The league-landing Crimson (7-3 overall, 3-0 Ivies), found itself down, 2-0, after the upstart Bulldogs knocked off Harvard's top two players.
"We knew going in that they had two very good singles players." Erika Smith, Harvard's number two said.
Meghan McMahon felled Crimson ace Elizabeth Evans in three sets. Connie Yowell followed suit with a 7-6, 6-4 triumph over Smith.
"I thought I could win," Smith said, "but I knew I was in for a dogfight."
Harvard battled back to knot the score at 2-2 with straight set victories by sophomores Robin Boss and Kathy Vigna.
As these four matches finished up, the number five and six singles player, freshman Cyndy Austrian and Captain Debbie Kaufman, were entering the third sets of their extremely tight matches.
All the pressure fell on Austrian and Kaufman to deliver the barn-burners for the Crimson.
"At that point, we were still confident," Kaufman said, "but, just for a second, I realized, gosh, we could be down 4-2."
Kaufman handily disposed of her Eli opponent, 6-1, in the third set, and Austrian came thought with a 6-2 win--propelling Harvard to commanding 4-2 advantage.

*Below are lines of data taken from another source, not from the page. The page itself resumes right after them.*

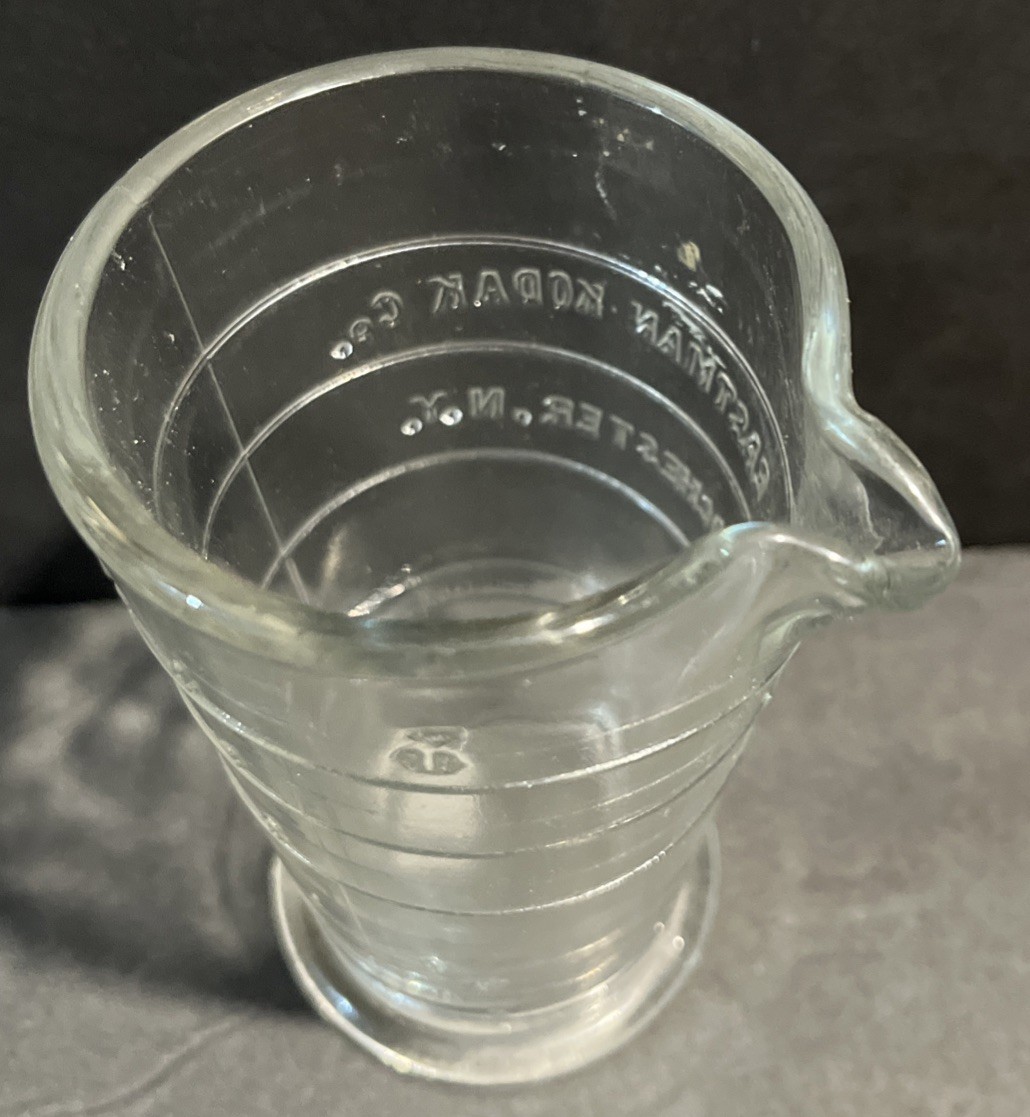 VTG. EASTMAN KODAK CO PHOTOGRAPHIC 4 Oz GLASS MEASURING BEAKER ROCHESTER NY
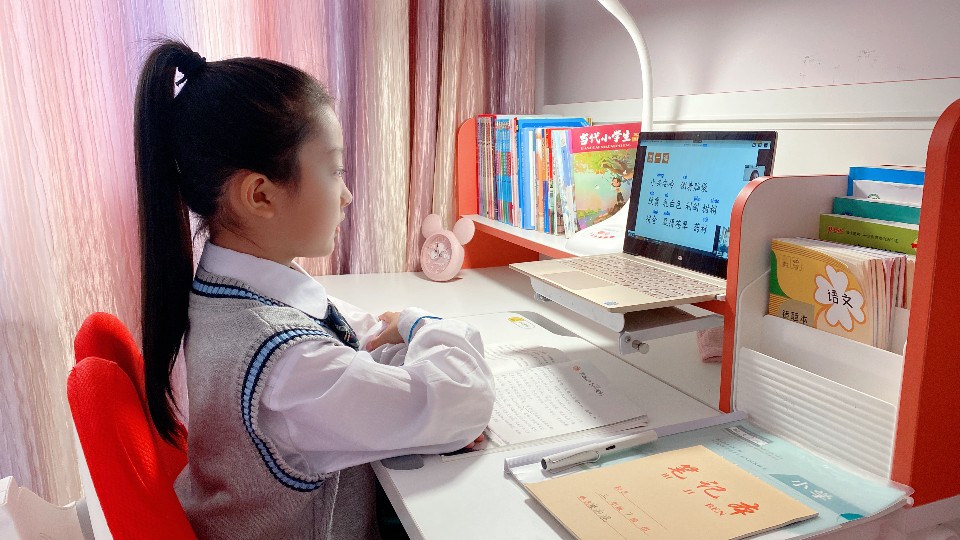 我家孩子｜陪女儿走秀，看女儿主持，寻找课堂之外的舞台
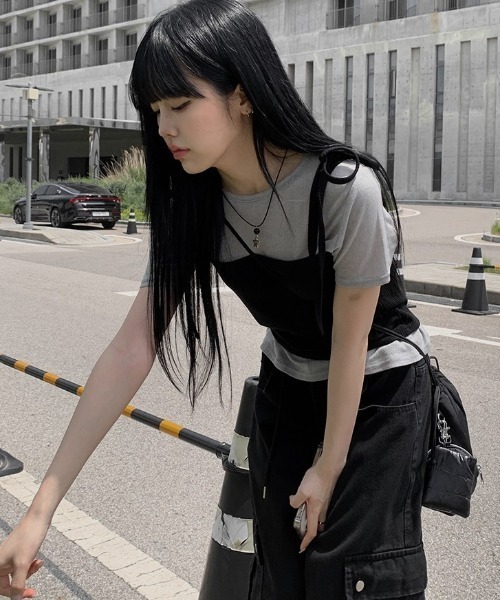 anyonemore(エニワンモア)の「紐付きリブビスチェ+シアー半袖Tシャツセット(Tシャツ/カットソー・レディース・グレー・FREE)」の6枚目の写真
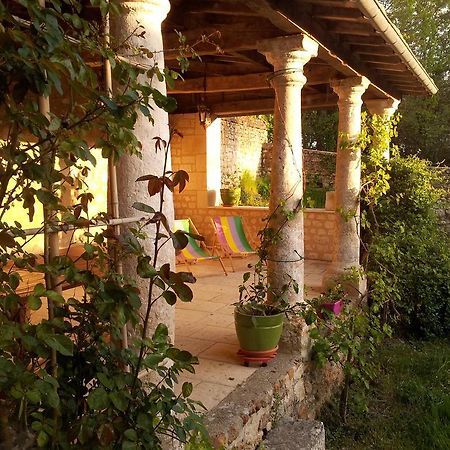 Le Logis Du Peu Girard Acomodação com café da manhã La Roche-Clermault Exterior foto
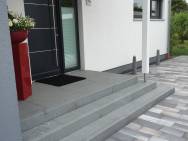 Eingangspodest mit 2 vorgelagerten Trittstufen; Material: Granit „Tahiti Blue“ 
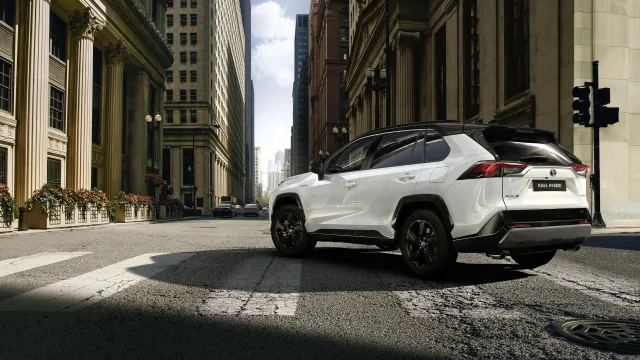 Toyota RAV4 crossover — 4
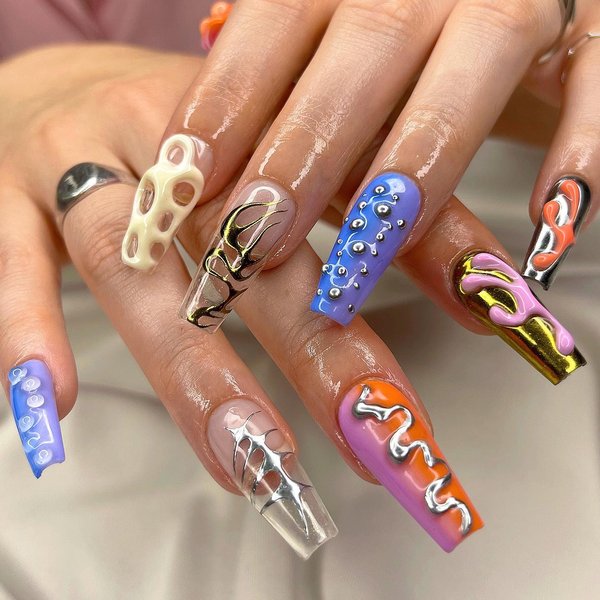 Thumbnail of ce-ni1msury-c521e1590e5e4f85 4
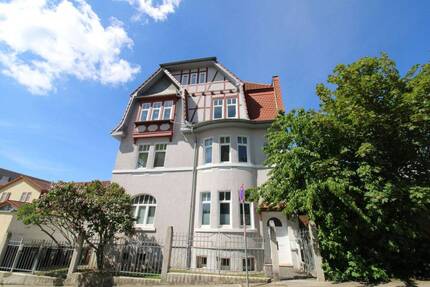 Wohnung Gotha - 5 Zimmer, 111 m&sup2;, 975&euro; | Angebot:26685580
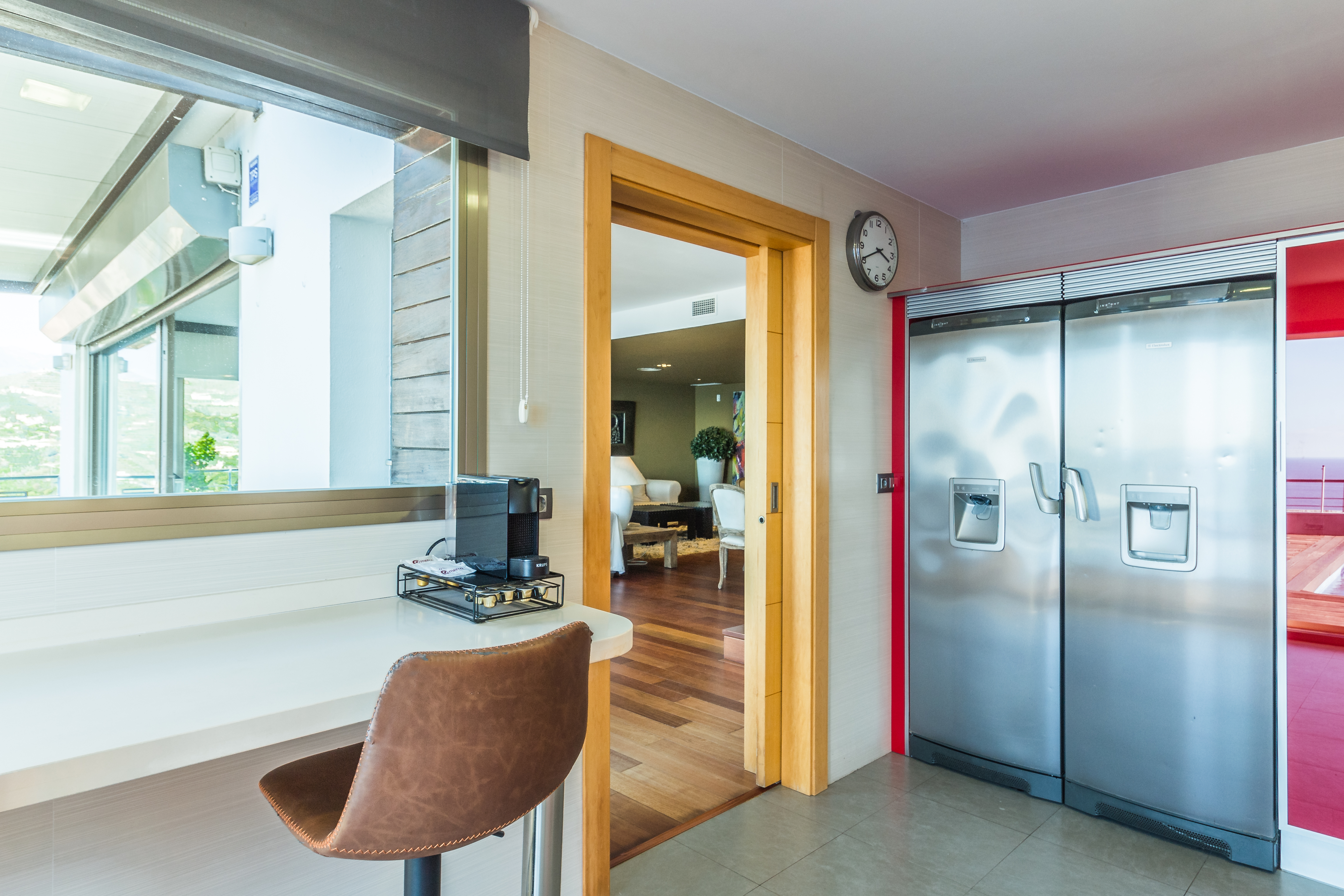 CASA CON PISCINA  Y VISTAS AL MAR EN PLAYA DE CABRIA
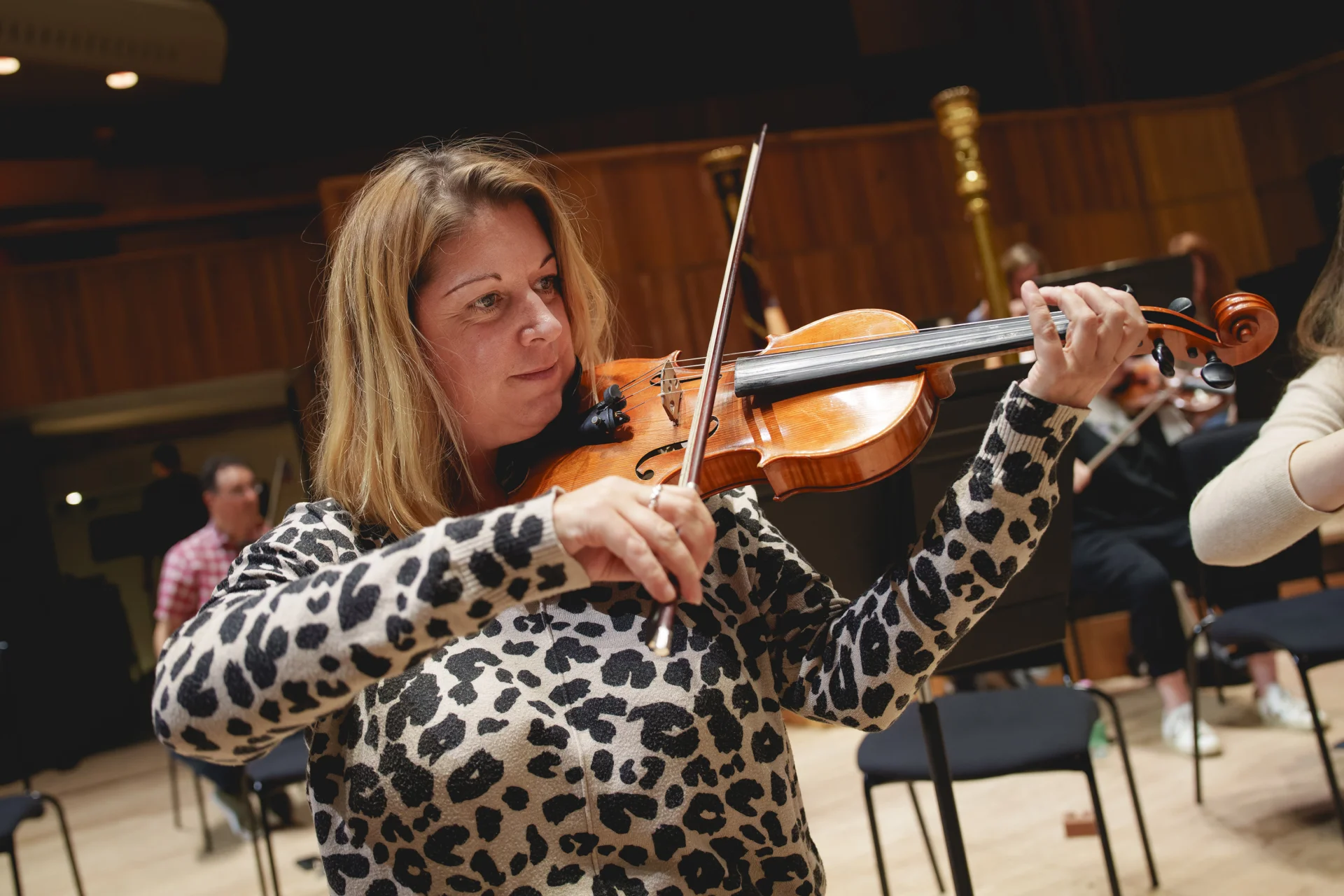 Sali-Wyn Ryan playing violin in rehearsal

"We were blind to the fact that we could be threatened," Kaufman said.
After the singles, however, the threat was over.
The Crimson's smooth, experienced doubles tandems steamrolled over the bulldogs.
The teams of Smith and Vigna, and Kaufman and Roberta Hing notched straight set wins, while Evans and Boss came home with a three-set victory.
Those outcomes were never in doubt. Evans and Boss, along with Smith and Vigna are returning All-Ivy selections--while Evens and Boss garnered All-American honors in 1984.
Nonetheless, when the netwomen return to the courts this Friday, the doubles teams are expected to be tested by a gritty Syracuse squad.
The Crimson dismantled the Orangemen last year, 9-0, and should emerge victorious once again. However, the Cantabs are wary of the Syracuse doubles teams.
After Syracuse, Harvard finishes off its regular season with Cornell, Dartmouth, and Princeton--all at home.
The Crimson seems well on its way to four more wins and reaffirming its Eastern supremacy, but the tension that comes with being the front runner will be haunting Harvard like Blackkbeard's Ghost.
"I don't think there's any pressure on the other teams right now," Smith said, "but we feel the pressure every time we go out there."